Jesus Christ is the same yesterday and today and forever. (Hebrews 13:8)
How often do you find yourself disoriented by change? Whether big or small, the details of our lives and the various flashpoints in our world are changing with unusual speed in our generation.
Not only does the world out there appear to change quickly, as we view events from afar through our screens, but even right here, in our own homes, our lives can feel like they are in greater flux. Just as fashion comes and goes, so friendships emerge and fade. We hear reports of new discoveries, and learn the names of new coworkers. Seasons of joy and peace give way to sorrows and tumult, and then times of joy return. Parents age, children grow up, and even beloved spiritual leaders depart for new pastures.
All humans are well-acquainted with change, and maybe now more than ever.
But You Remain
In one sense, life in this world has long been a series of changes, however big and small. From Adam to Abraham, from Jacob to Moses, from David to Mary, life changed in significant ways for God’s people from one era to another, and incrementally along the way. In another sense, though, we live in times of particular acceleration.
Modern life presents us with a dizzying array of revisions, turnabouts, alterations, and updates. And yet in the mild confusion of incremental adjustments, and the massive disorientation in the moments of a seeming vortex, we who claim Christ do as saints of old did and call together on the God of Psalm 102:25–27:
You, Lord, laid the foundation of the earth in the beginning,
and the heavens are the work of your hands;
they will perish, but you remain;
they will all wear out like a garment,
like a robe you will roll them up,
like a garment they will be changed.
But you are the same,
and your years will have no end.
The psalm compares all the created world — earth and heavens, in all its seeming stability — to something as passing as our clothing. Shirts and pants and socks wear out. We roll them up and put them away, and take them out again later — until they wear out and we pass them along or throw them out.
Psalm 102 dares to compare the seemingly stable heavens and earth to such garments — because in comparison to the immutable, unchanging God, even heaven and earth will prove transitory and temporary. “They will perish, but you remain. . . . You are the same, and your years will have no end.”
Same God — And So Much More
In ever-changing lives, we need a place to establish our feet and steady our hearts.

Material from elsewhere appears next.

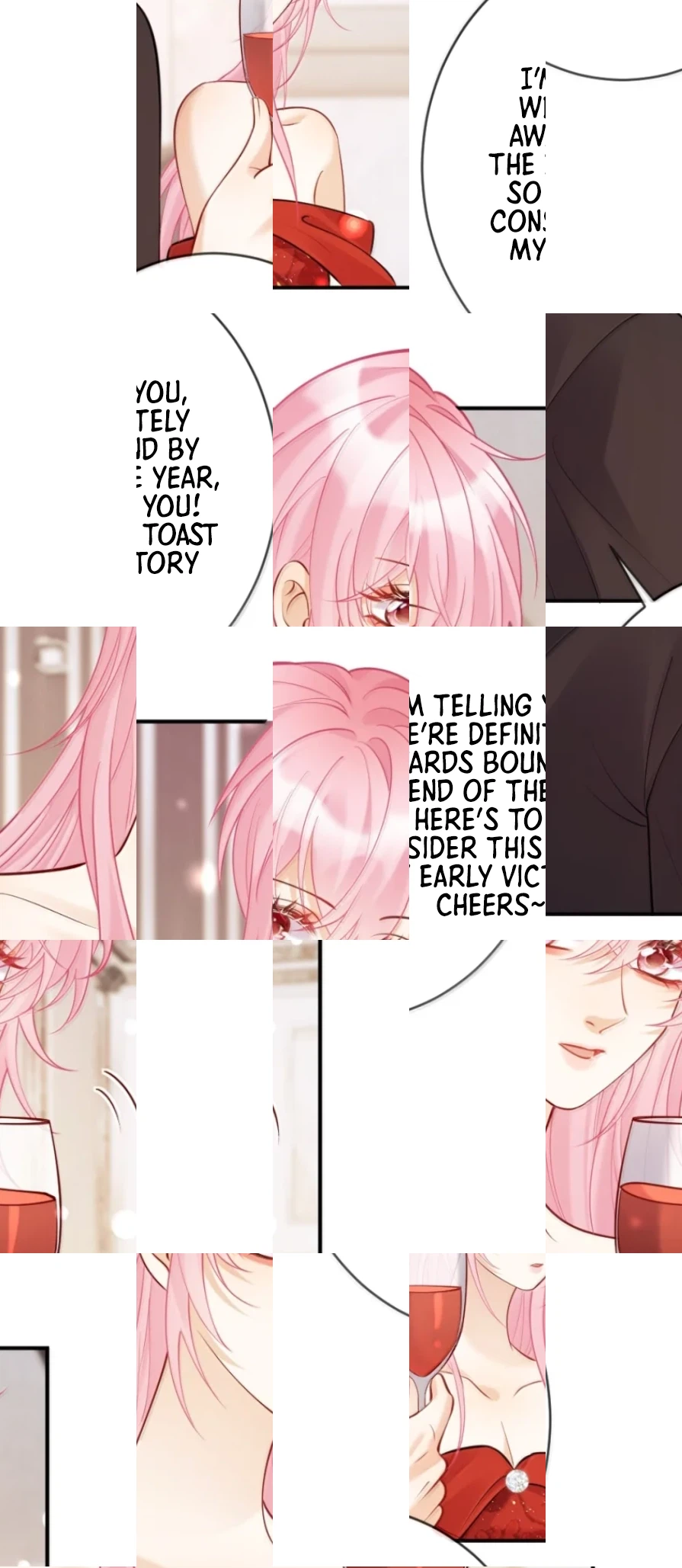 Black Moonlight Heroine Always Wants to Mark Me Chapter 41 page 8 - 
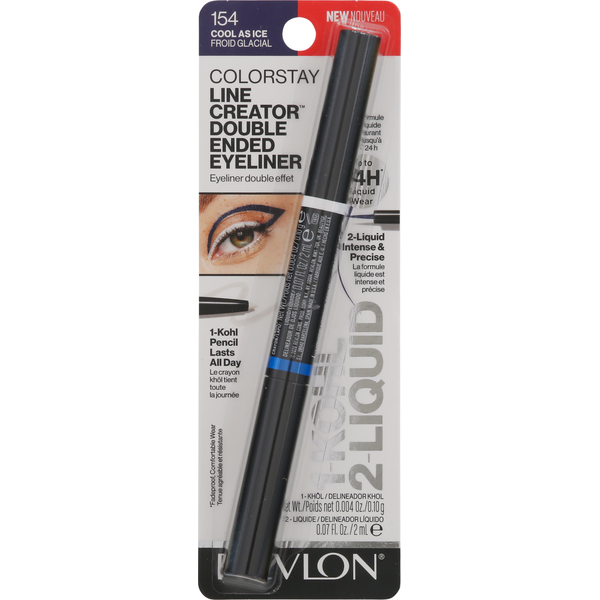REVLON COLORSTAY LINE CREATOR – 15 COOL AS ICE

And as Christians, we take comfort in such times to know that when we call on the name of our God, we join with voices of the faithful across centuries who have done the same and found him faithful.
When we call on him now by name, same God that he is, we know so much more of him than did Jacob and Moses, and even David. Our same God has revealed himself to us, in the church age, in far more detail and brightness than even those saints of old knew. We join Mary in knowing, and calling on, the name of Jesus.
The beginning of the book of Hebrews quotes Psalm 102 in celebrating the glory of Christ. These words are not only from a psalmist to his God, but from the Father to his Son. Jesus is not only fully human, the offspring of David, the rightful king of Israel, he is also fully divine, the radiance of his Father’s glory, upholding the universe by the word of his power. And he, as the divine Son, is unchanging, sharing in the very immutability of God Almighty.
The universe will wear out, but he will not. Even suffering and death will not destroy him. He is the same. His years will have no end.
Faithful to Satisfy
And so, again, Hebrews says at the end of the letter, “Jesus Christ is the same yesterday and today and forever” (Hebrews 13:8). Our God is indeed the same God he has always been, and yet now, in Christ, he has shown us even more, and so much more, of himself.
God was faithful then, and he is faithful now. He was Savior then, and he is Savior now. Jesus has made his Father known (John 1:18). And in Jesus, the same God has shown himself faithful to save and satisfy us, body and soul, forever.
I’m calling on the God of Jesus,
Who promised he will never leave us.
He’s always been the same, but now we know his Name.